── Dataset ──

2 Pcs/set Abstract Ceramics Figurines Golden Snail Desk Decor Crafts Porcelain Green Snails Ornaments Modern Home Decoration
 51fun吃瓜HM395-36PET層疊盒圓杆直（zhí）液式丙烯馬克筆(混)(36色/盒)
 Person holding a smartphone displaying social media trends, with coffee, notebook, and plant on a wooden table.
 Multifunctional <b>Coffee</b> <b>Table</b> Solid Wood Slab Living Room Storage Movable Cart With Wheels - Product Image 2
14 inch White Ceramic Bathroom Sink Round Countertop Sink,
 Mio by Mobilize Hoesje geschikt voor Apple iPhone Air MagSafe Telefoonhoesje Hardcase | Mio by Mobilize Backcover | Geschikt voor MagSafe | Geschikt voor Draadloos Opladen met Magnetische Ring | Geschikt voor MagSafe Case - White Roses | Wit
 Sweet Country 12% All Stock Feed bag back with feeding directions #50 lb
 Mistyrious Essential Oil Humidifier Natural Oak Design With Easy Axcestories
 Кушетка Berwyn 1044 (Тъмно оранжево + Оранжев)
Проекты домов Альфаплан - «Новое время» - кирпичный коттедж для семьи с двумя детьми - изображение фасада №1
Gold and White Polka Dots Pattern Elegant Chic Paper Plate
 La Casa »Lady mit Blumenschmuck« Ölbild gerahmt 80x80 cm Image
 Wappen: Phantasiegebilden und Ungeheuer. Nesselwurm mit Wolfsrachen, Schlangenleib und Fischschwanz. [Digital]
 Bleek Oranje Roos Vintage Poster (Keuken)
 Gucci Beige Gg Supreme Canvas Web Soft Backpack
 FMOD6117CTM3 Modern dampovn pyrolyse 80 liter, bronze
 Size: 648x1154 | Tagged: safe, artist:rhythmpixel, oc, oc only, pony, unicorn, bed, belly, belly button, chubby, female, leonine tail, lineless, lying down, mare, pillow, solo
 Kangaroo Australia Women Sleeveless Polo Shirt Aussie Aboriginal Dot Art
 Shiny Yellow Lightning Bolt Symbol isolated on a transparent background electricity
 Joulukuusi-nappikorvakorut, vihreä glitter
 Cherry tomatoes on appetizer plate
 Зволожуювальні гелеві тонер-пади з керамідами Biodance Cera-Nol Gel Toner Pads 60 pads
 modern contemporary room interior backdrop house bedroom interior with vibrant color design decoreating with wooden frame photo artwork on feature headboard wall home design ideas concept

───

Instructions to follow ▸ For this exercise, copy all of the material exactly as it stands.

Answer for this exercise ▸
2 Pcs/set Abstract Ceramics Figurines Golden Snail Desk Decor Crafts Porcelain Green Snails Ornaments Modern Home Decoration
 51fun吃瓜HM395-36PET層疊盒圓杆直（zhí）液式丙烯馬克筆(混)(36色/盒)
 Person holding a smartphone displaying social media trends, with coffee, notebook, and plant on a wooden table.
 Multifunctional <b>Coffee</b> <b>Table</b> Solid Wood Slab Living Room Storage Movable Cart With Wheels - Product Image 2
14 inch White Ceramic Bathroom Sink Round Countertop Sink,
 Mio by Mobilize Hoesje geschikt voor Apple iPhone Air MagSafe Telefoonhoesje Hardcase | Mio by Mobilize Backcover | Geschikt voor MagSafe | Geschikt voor Draadloos Opladen met Magnetische Ring | Geschikt voor MagSafe Case - White Roses | Wit
 Sweet Country 12% All Stock Feed bag back with feeding directions #50 lb
 Mistyrious Essential Oil Humidifier Natural Oak Design With Easy Axcestories
 Кушетка Berwyn 1044 (Тъмно оранжево + Оранжев)
Проекты домов Альфаплан - «Новое время» - кирпичный коттедж для семьи с двумя детьми - изображение фасада №1
Gold and White Polka Dots Pattern Elegant Chic Paper Plate
 La Casa »Lady mit Blumenschmuck« Ölbild gerahmt 80x80 cm Image
 Wappen: Phantasiegebilden und Ungeheuer. Nesselwurm mit Wolfsrachen, Schlangenleib und Fischschwanz. [Digital]
 Bleek Oranje Roos Vintage Poster (Keuken)
 Gucci Beige Gg Supreme Canvas Web Soft Backpack
 FMOD6117CTM3 Modern dampovn pyrolyse 80 liter, bronze
 Size: 648x1154 | Tagged: safe, artist:rhythmpixel, oc, oc only, pony, unicorn, bed, belly, belly button, chubby, female, leonine tail, lineless, lying down, mare, pillow, solo
 Kangaroo Australia Women Sleeveless Polo Shirt Aussie Aboriginal Dot Art
 Shiny Yellow Lightning Bolt Symbol isolated on a transparent background electricity
 Joulukuusi-nappikorvakorut, vihreä glitter
 Cherry tomatoes on appetizer plate
 Зволожуювальні гелеві тонер-пади з керамідами Biodance Cera-Nol Gel Toner Pads 60 pads
 modern contemporary room interior backdrop house bedroom interior with vibrant color design decoreating with wooden frame photo artwork on feature headboard wall home design ideas concept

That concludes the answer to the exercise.